WORK ITEM » Copying starts at the line containing "Nothing About Rabbits" and stops after the last line of the records; each line is repeated exactly, and pictures are skipped.

MATERIAL PROVIDED »

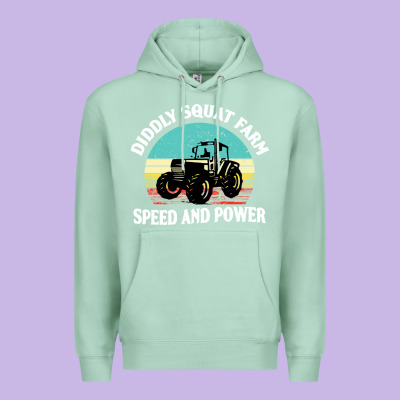 Diddly Squat Farm Speed And Power Premium Hoodie Designed By Artisfamous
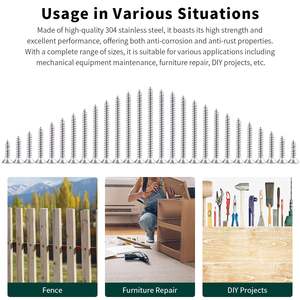 Tornillos para paneles de yeso de acero al carbono métricos ISO, galvanizados en zinc, M4-M10, Grado 4.8 6.8, Directo de Fábrica - Product Image 6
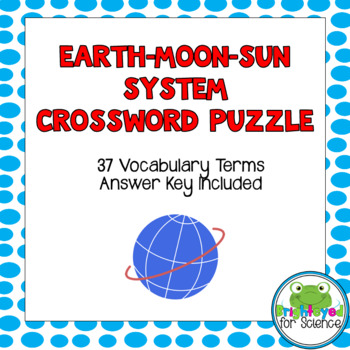 Download Moon Crossword Worksheets Teaching Resources Tpt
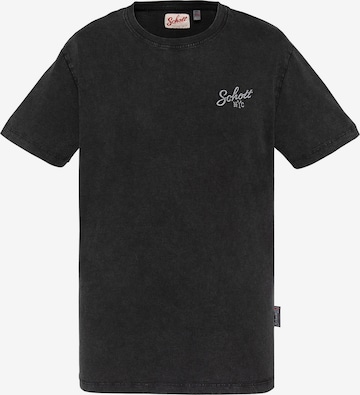 Schott NYC Shirt in Black: front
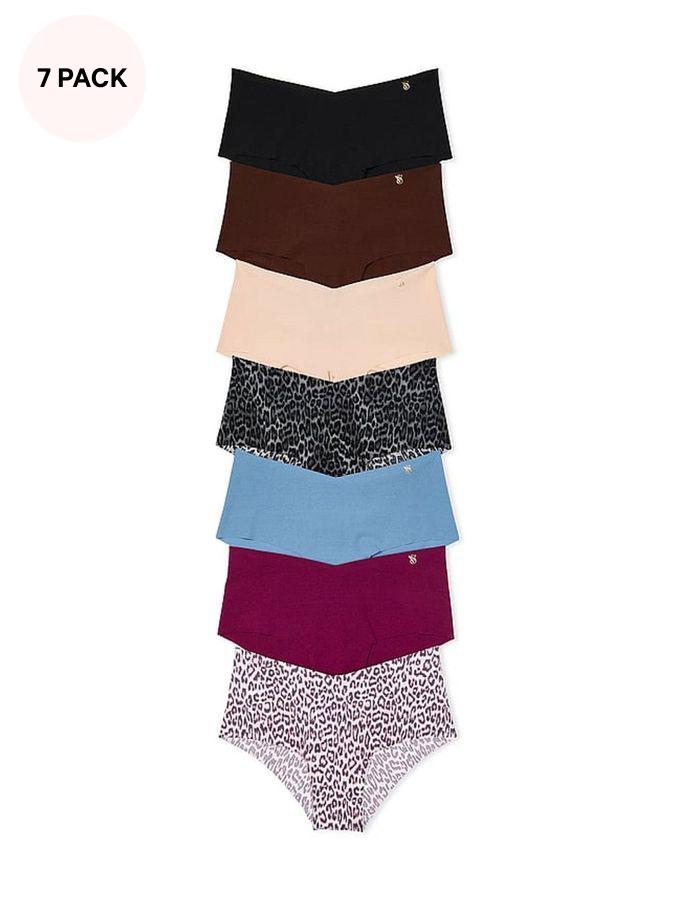 Nude/Brown/Leopard/Black/Blue Cheeky 7 Pack Knickers (E72015) | €40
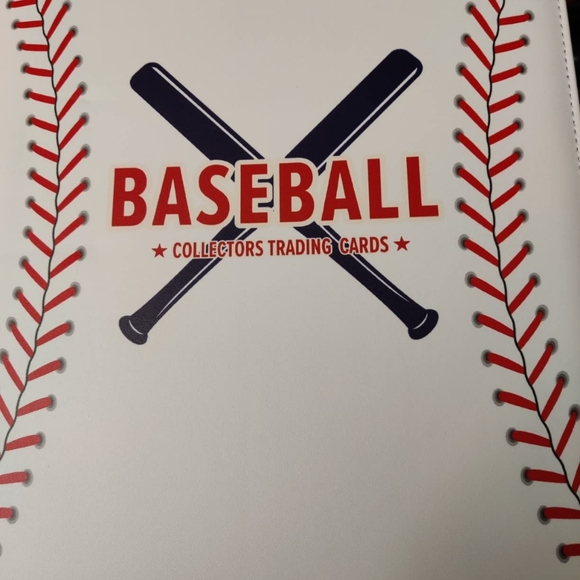 Baseball Card Binder, Trading Card Albums Sleeve Protectors, Card Storage Case - Picture 2 of 6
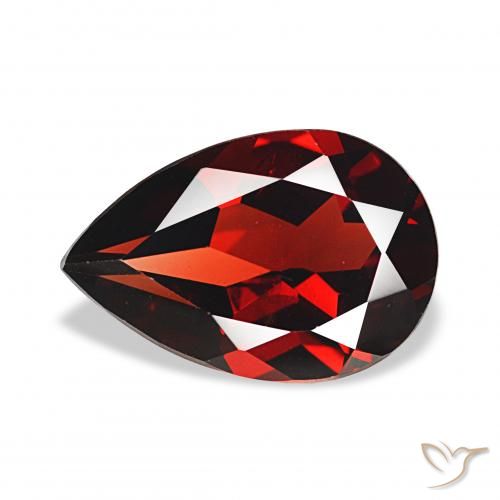 3.40ct Rouge foncé Grenat Almandin, En forme de poire, VVS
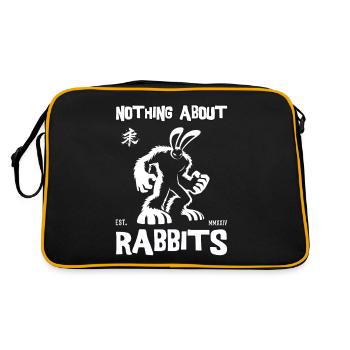 Nothing About Rabbits – Strong Rabbit Design - Retro Bag - black/gold - Back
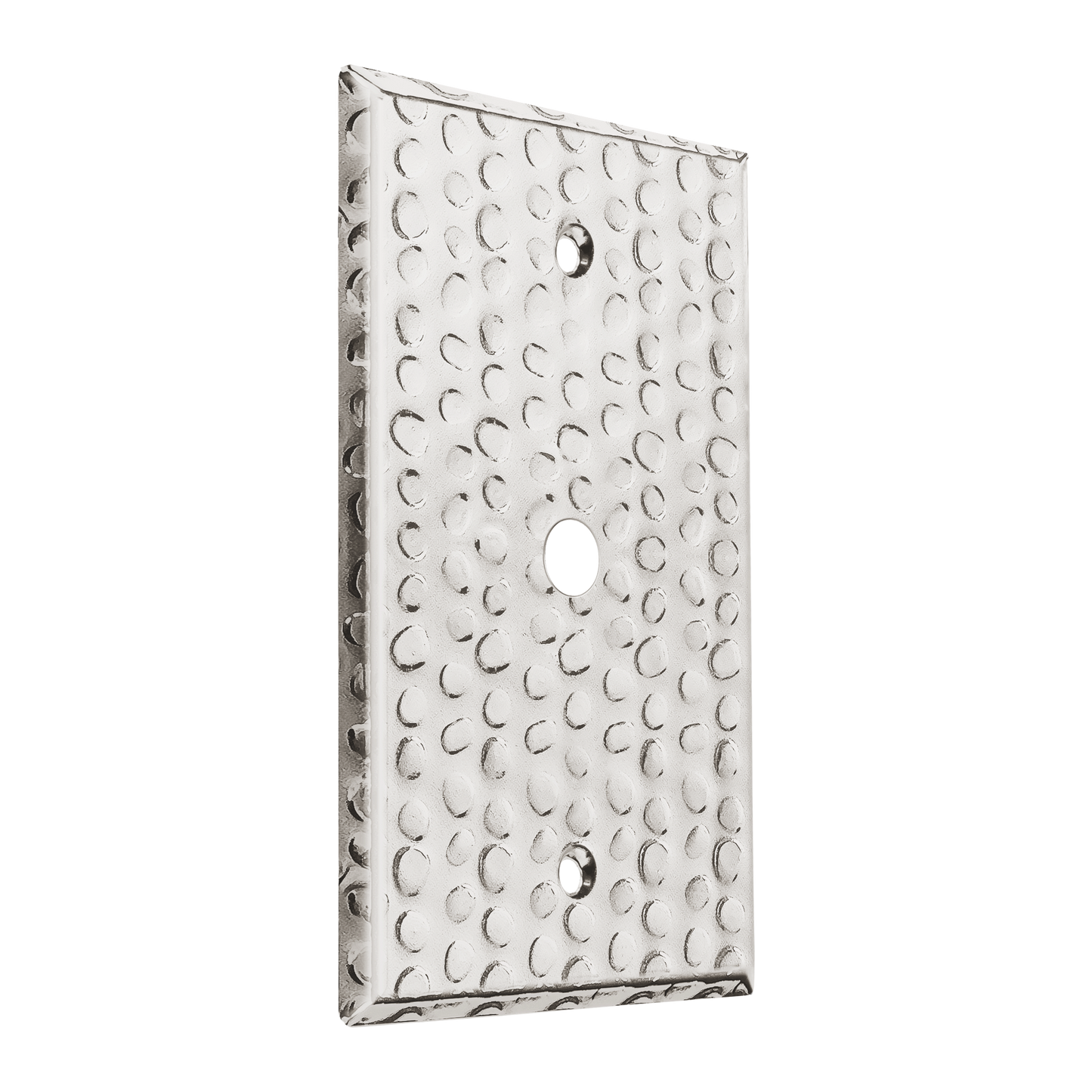 0.406" Diameter Hole Phone Cable Metal Wall Plate, Stainless Steel Outlet Cover, Corrosion Resistant, 1-Gang, Mid-Size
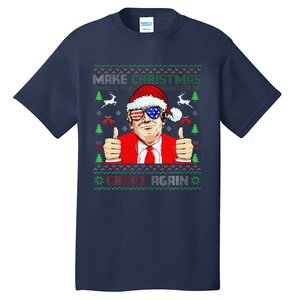 Santa Trump Make Christmas Great Again Ugly Sweater Tall T-Shirt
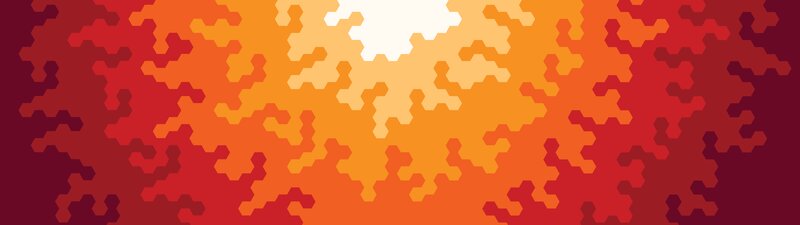 Abstract Geometric Pattern — Red, Warm, Sunset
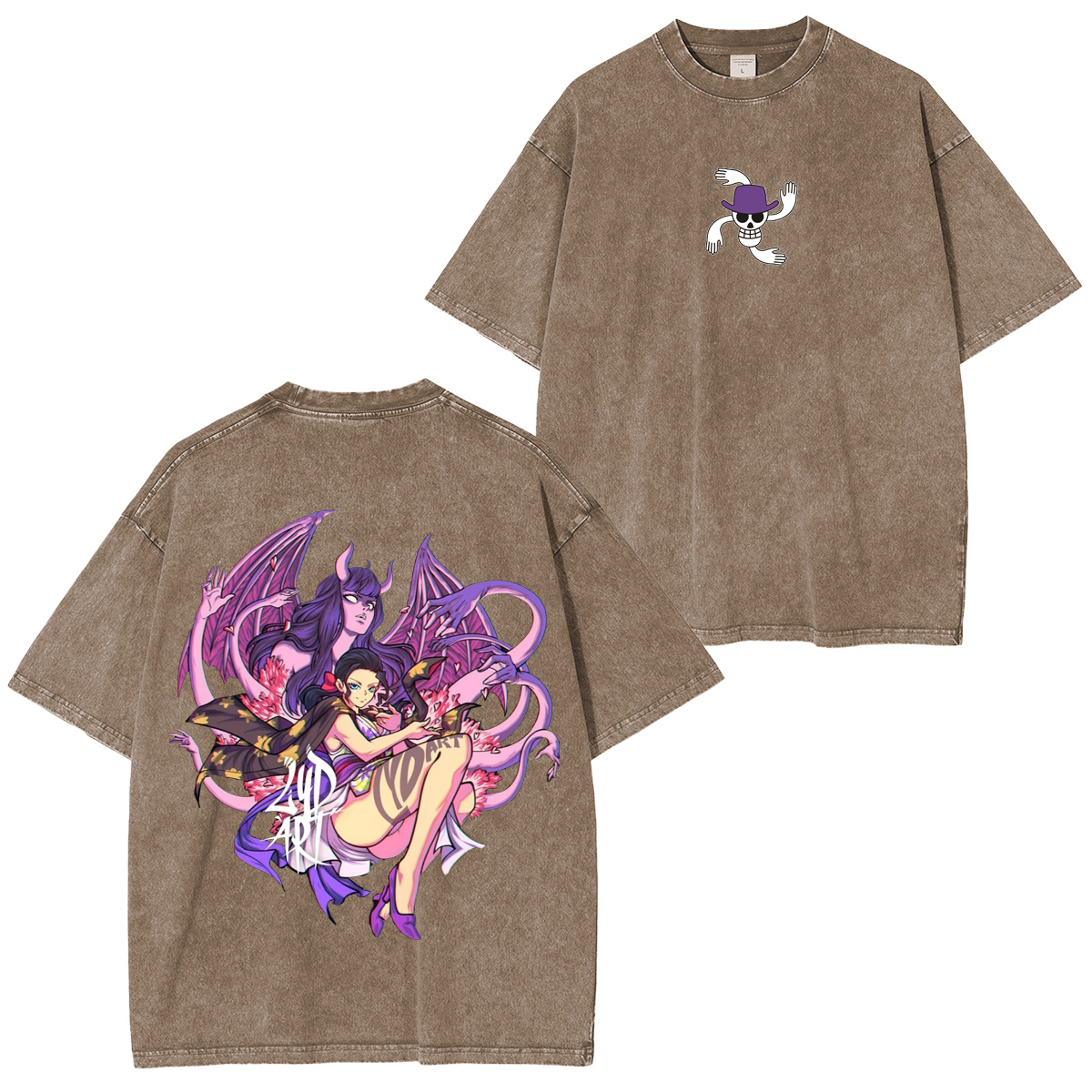 Nico Robin,One Piece  Anime Unsiex Washed T-Shirt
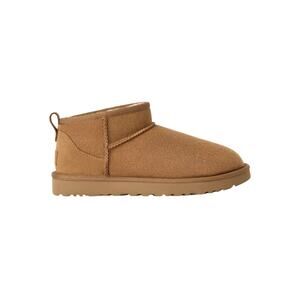 NEW UGG Classic Ultra Mini Boots Sheepskin Slip-On 1116109 Chestnut Womens Sz 8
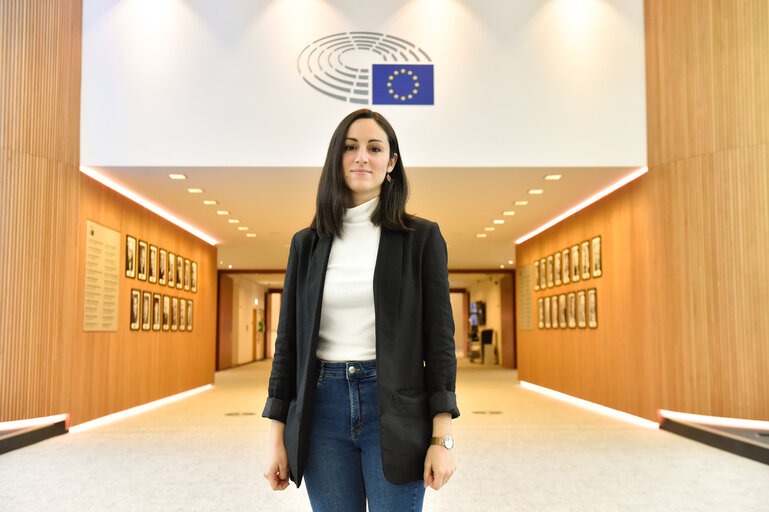 Eleonora EVI in the EP in Brussels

ANSWER SPACE »
 Nothing About Rabbits – Strong Rabbit Design - Retro Bag - black/gold - Back
 0.406" Diameter Hole Phone Cable Metal Wall Plate, Stainless Steel Outlet Cover, Corrosion Resistant, 1-Gang, Mid-Size
 Santa Trump Make Christmas Great Again Ugly Sweater Tall T-Shirt
 Abstract Geometric Pattern — Red, Warm, Sunset
 Nico Robin,One Piece  Anime Unsiex Washed T-Shirt
 NEW UGG Classic Ultra Mini Boots Sheepskin Slip-On 1116109 Chestnut Womens Sz 8
 Eleonora EVI in the EP in Brussels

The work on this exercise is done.